Clarence Augustus Chant was born May 31, 1865 in Hagerman's Corner, Ontario to Christopher Chant and Elizabeth Croft. In 1882 he attended Markham High School, where he demonstrated a mathematical ability. After graduation he attended St. Catherines Collegiate Institute and York County Model School in Toronto. He left to work as an instructor in 1884, and taught at Maxwell, Osprey Township for the following three years. By 1887 he began studying mathematics and physics at the University College of the University of Toronto. Following graduation he worked for a few years as a temporary clerk, but returned to the University when he was offered a fellowship in 1891 and a year later was appointed lecturer in physics. While working at the University he became interested in astronomy, and in 1892 he joined what would become the Royal Astronomical Society of Canada. He served as president of the organization from 1904 until 1907, and also performed editing duties for the society's journal until 1956. He also contributed articles to the journal and the annual Observer's Handbook.

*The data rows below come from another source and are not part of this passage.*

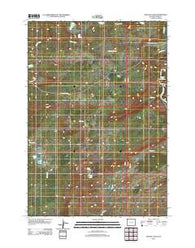 Crystal Falls Wyoming Historical topographic map, 1:24000 scale, 7.5 X 7.5 Minute, Year 2012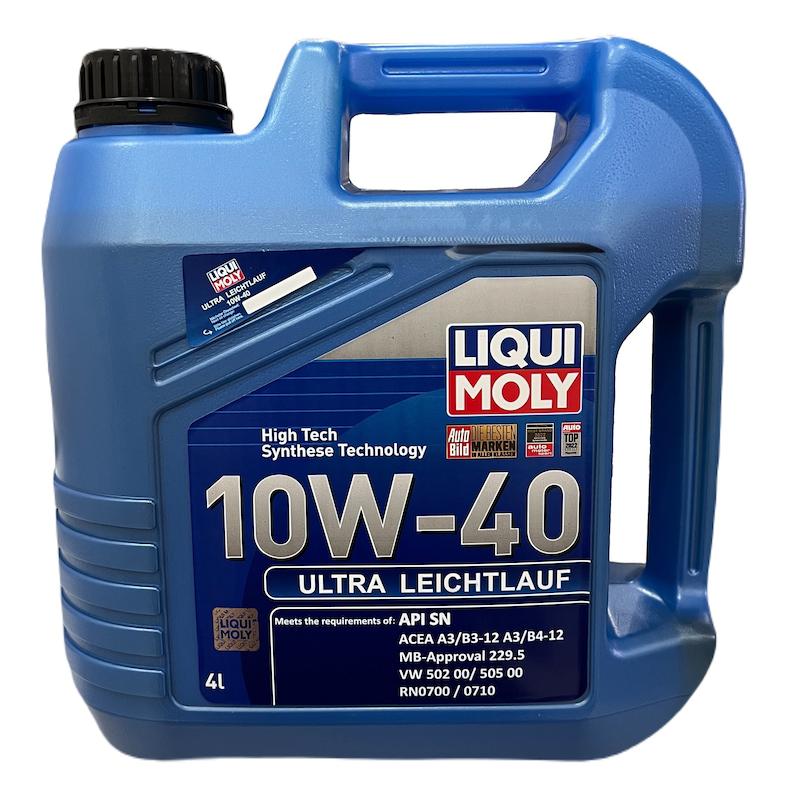 روغن موتور خودرو لیکومولی مدل SN 10W40 Ultra Leichtlauf حجم 4 لیتر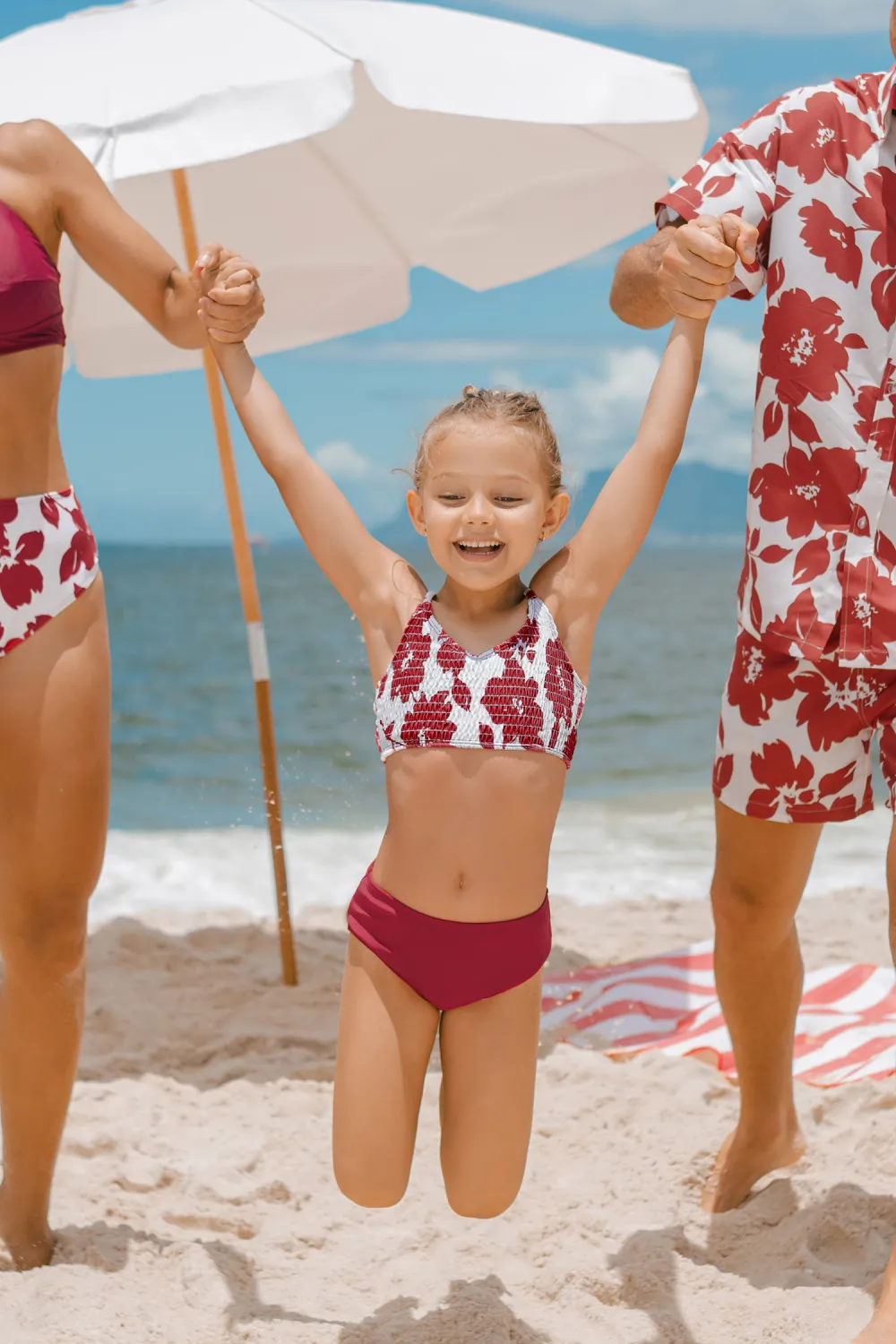 Starfish Kisses Floral Swim Set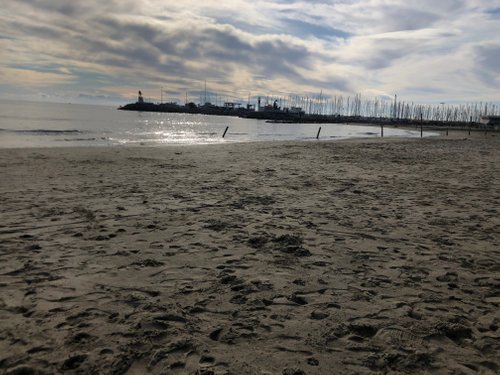 Central Beach in Carnon - Hérault - France - Plages.tv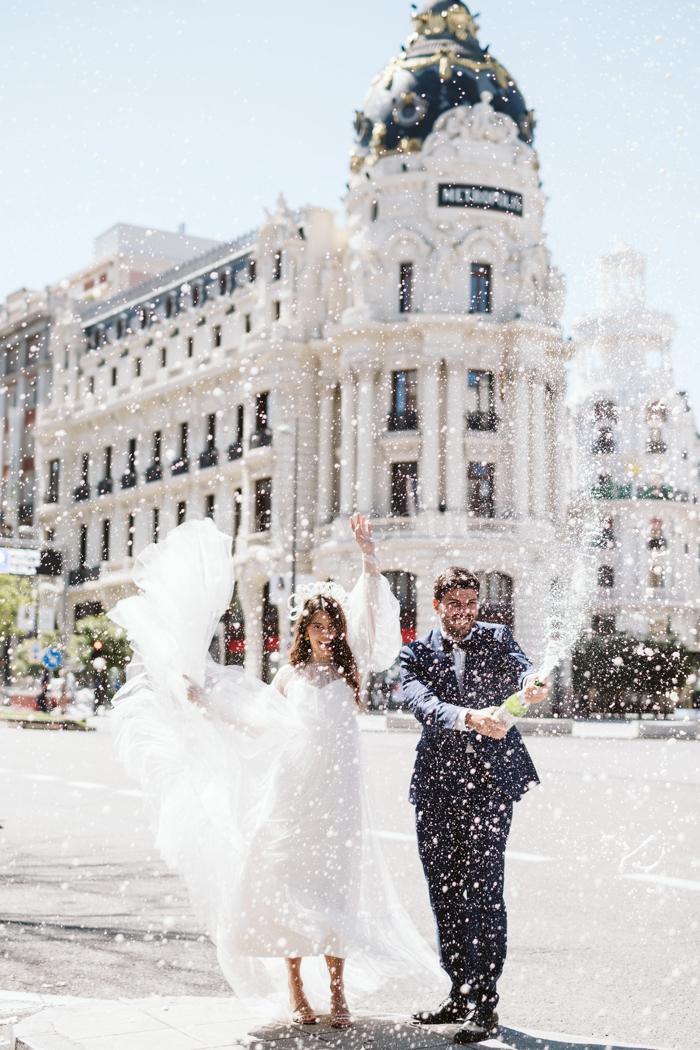 Fashion-Forward Madrid Elopement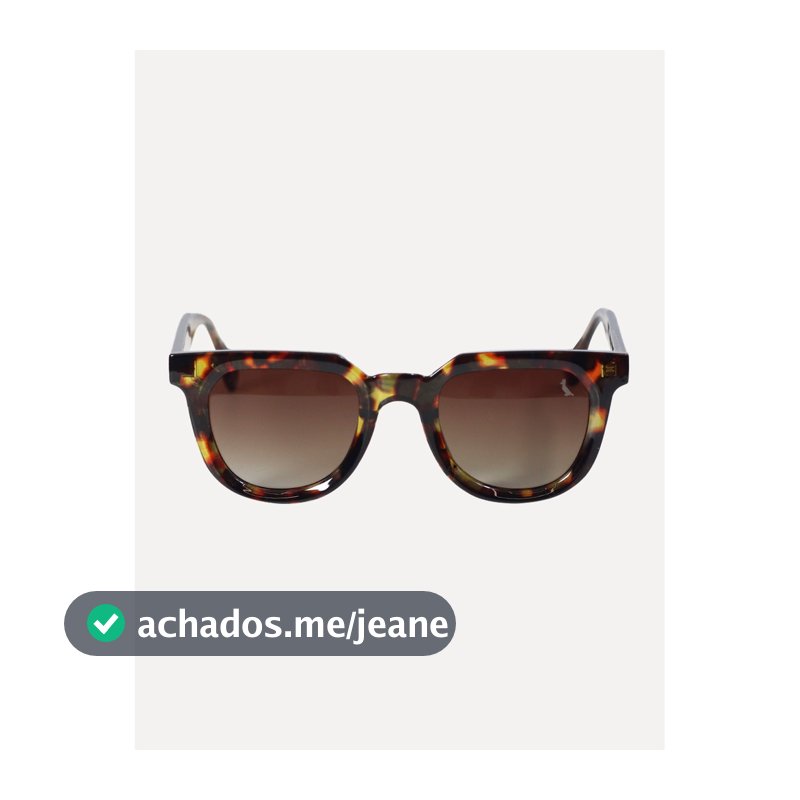 Óculos De Sol Reserva Original Masculino Round Plate Square Tortoise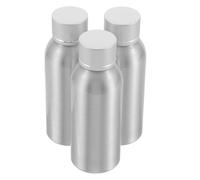 Healeved 3pièces Flacons De Voyage Aluminium De Lot Pour Gel Douche Et Soins Peau Avec Bouchons à Vis Étanches Et Rechargeables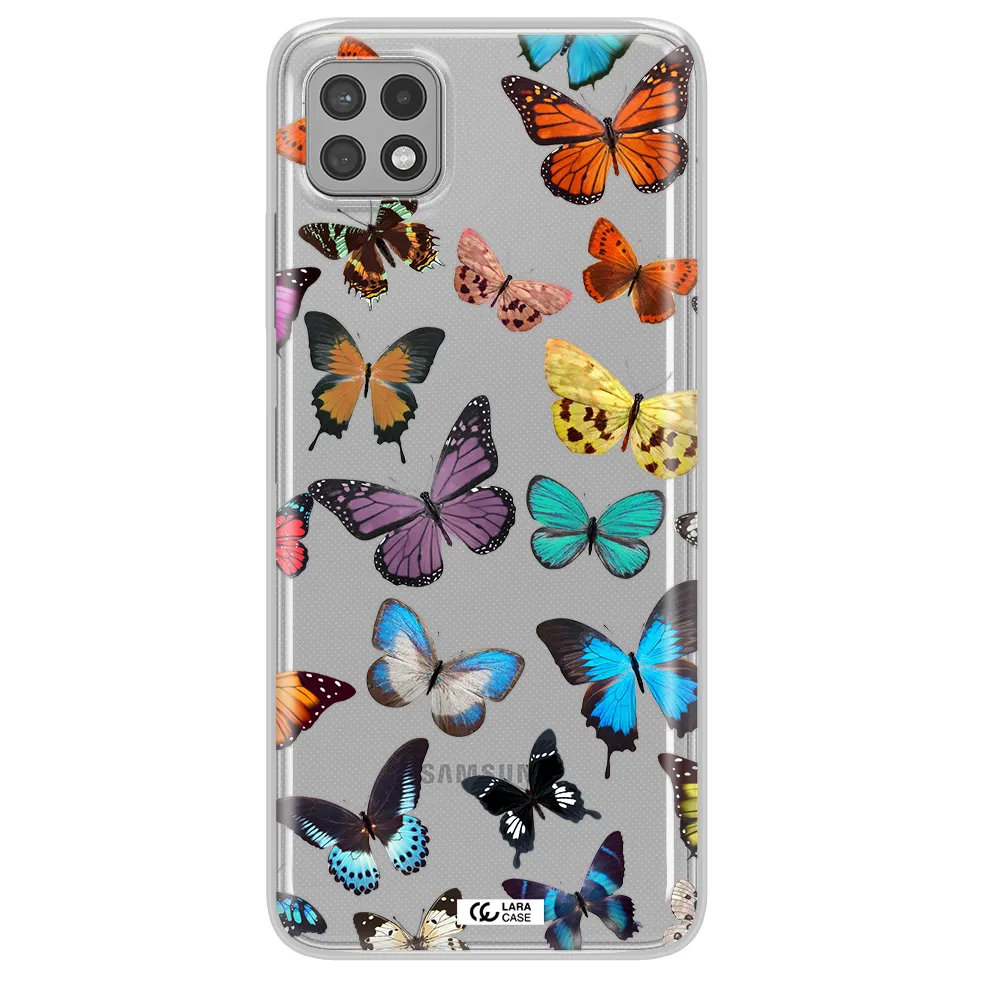 Colorful Butterflies Samsung A22 5g Clear TPU Case
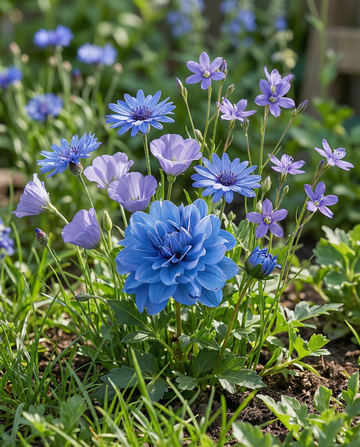 Blue Summer Mix Shades – nasiona kwiatów jednorocznych od SeedsChoice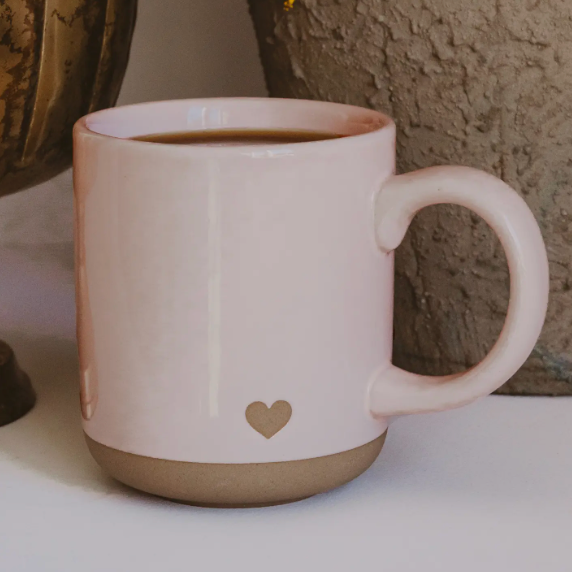 Blush Pink Heart Mug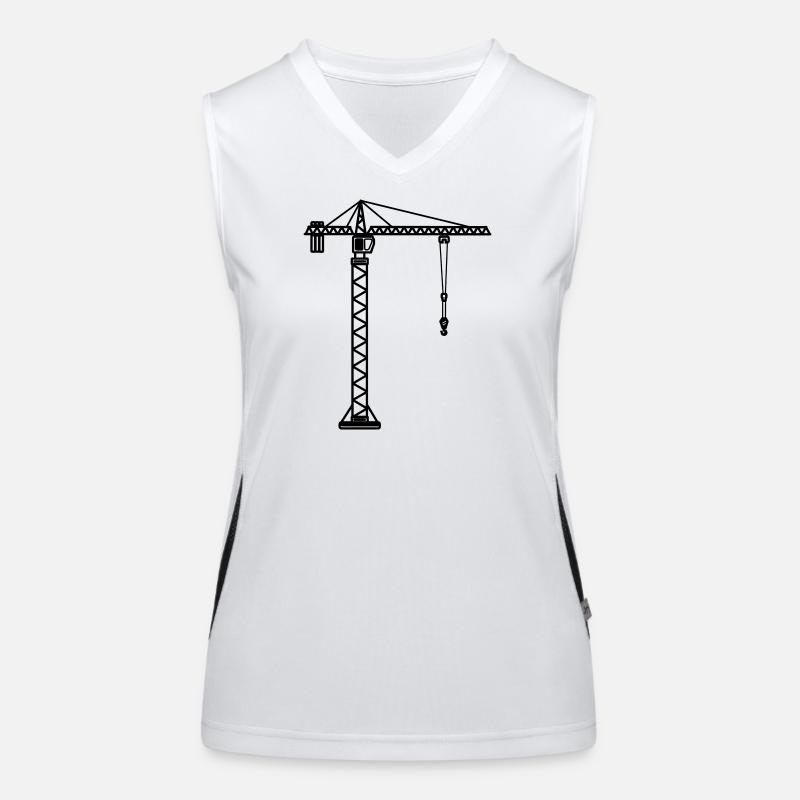 Construction crane for crane operator Women's Functional Contrast Tank Top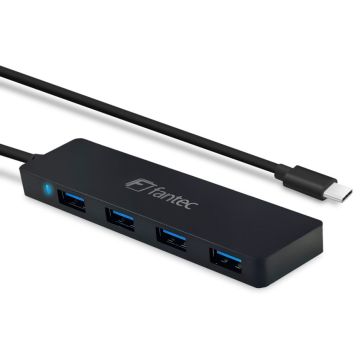 FANTEC UMP-4U31-C USB-C 4x USB-A 3.0 Hub (sadalītājs)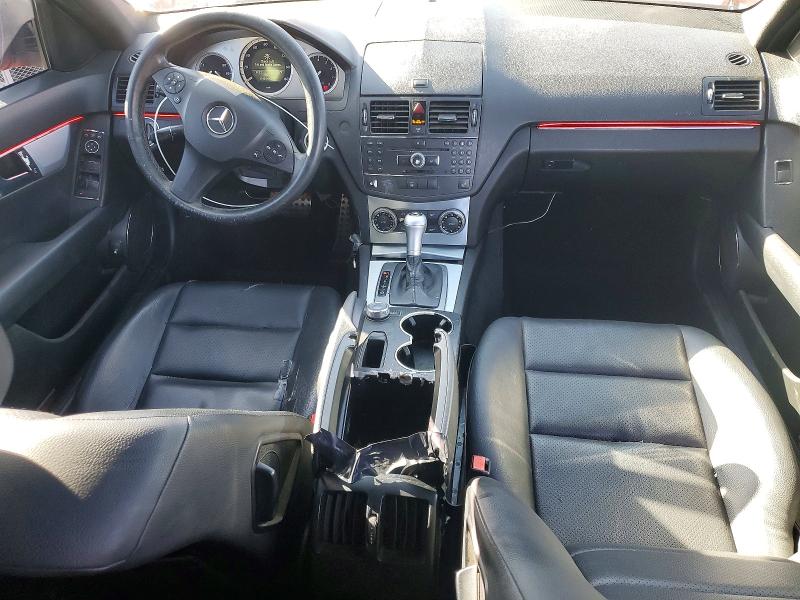 2008 Mercedes-benz C class VIN WDDGF81X88F061912 COPART salvage auction — FRONT END, CA - SALVAGE CERTIFICATE, sold $425 on 2026-07-16 (photo 8)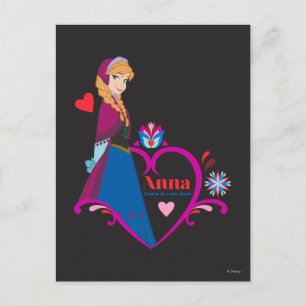 Anna Pink Heart Postcard
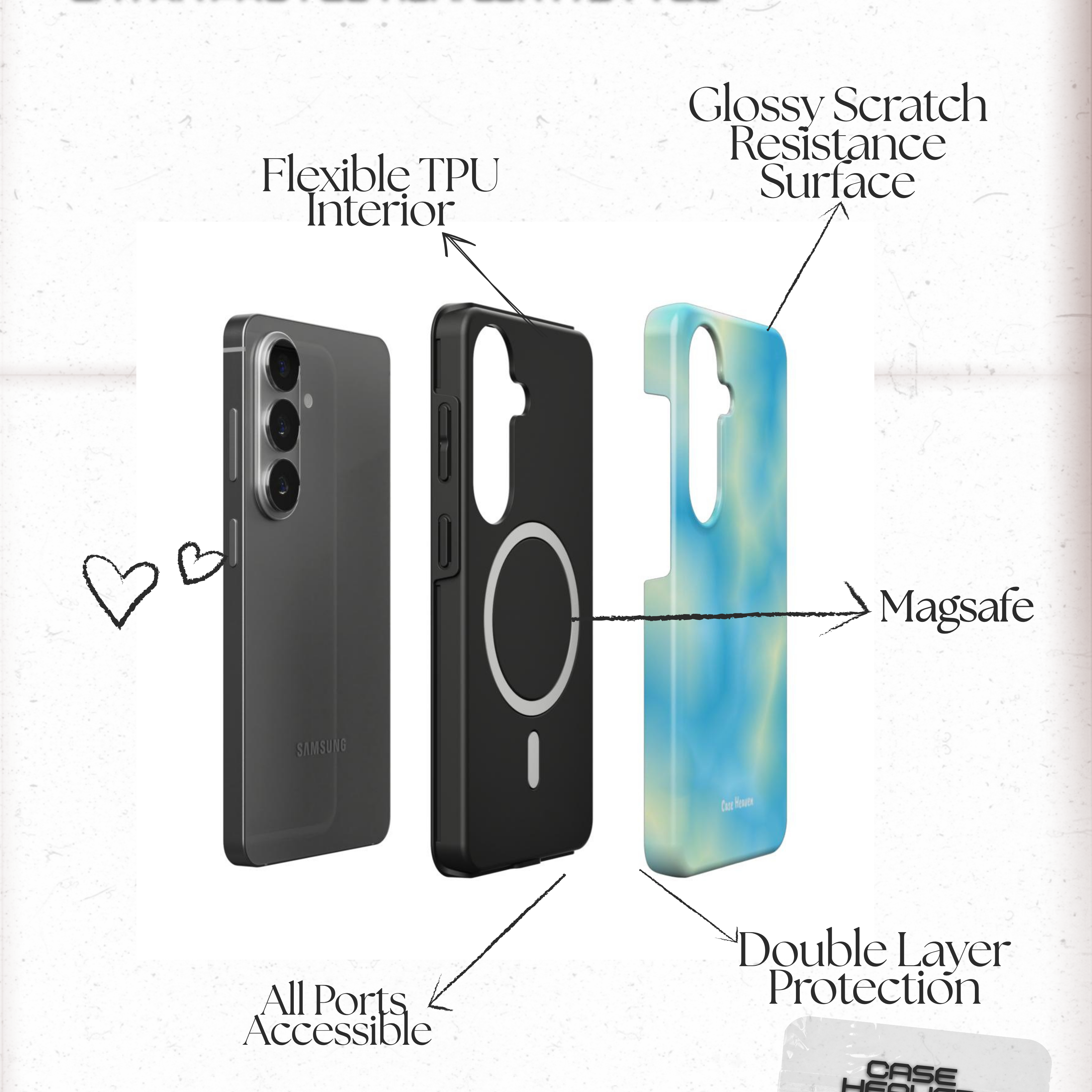 Ocean Aura | Magnetic Tough Phone Case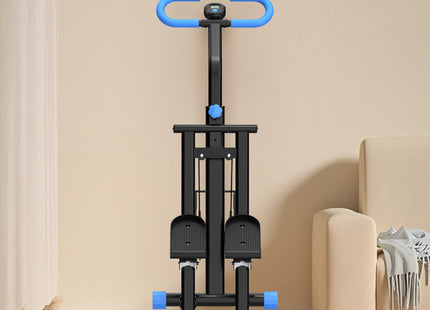 Stair Stepper for Home-Upgrade Vertical Climber Workout Machine for Full-Body Exercise Climber Fitness Equipment with Stable Frame Adjustable Handlebar-Blue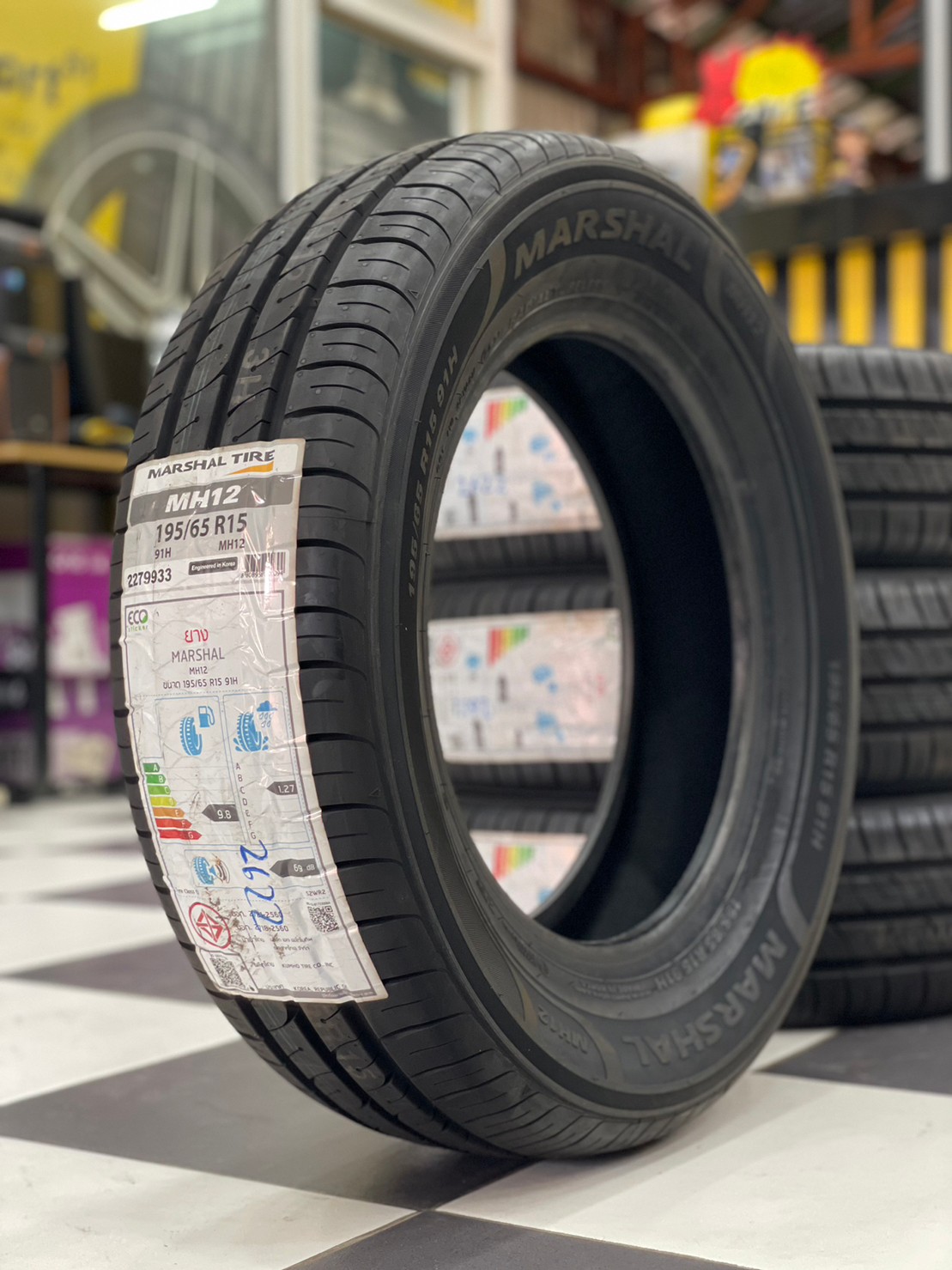 MARSHAL MH12 195/65R15 ยางใหม่ปี2022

He earned his Master's degree in 1900, and was granted a leave of absence to study for a Doctorate at Harvard University. He returned to Toronto with his Ph.D. in 1901 as a professor. In 1905 he introduced optical astronomy courses at the University of Toronto, and was the sole astronomer at the University until 1924. He lobbied the City of Toronto for an observatory, but the project was shelved with the advent of World War I.

In 1935, after many years of labor and the financial backing of the family of mining executive David Alexander Dunlap, his dreams of a world-class observatory for Canada were achieved with the opening of the David Dunlap Observatory. He retired from the University when the observatory opened, and moved into the Observatory House, Richmond Hill.

He is frequently referred to as the "Father of Canadian astronomy. Among the honours bestowed on him were the naming of an Asteroid after him and the Chant crater on the moon. In 1894 he married Jean Laiwlaw, and the couple had two daughters. He died while still residing at the Observatory House on November 18, 1956.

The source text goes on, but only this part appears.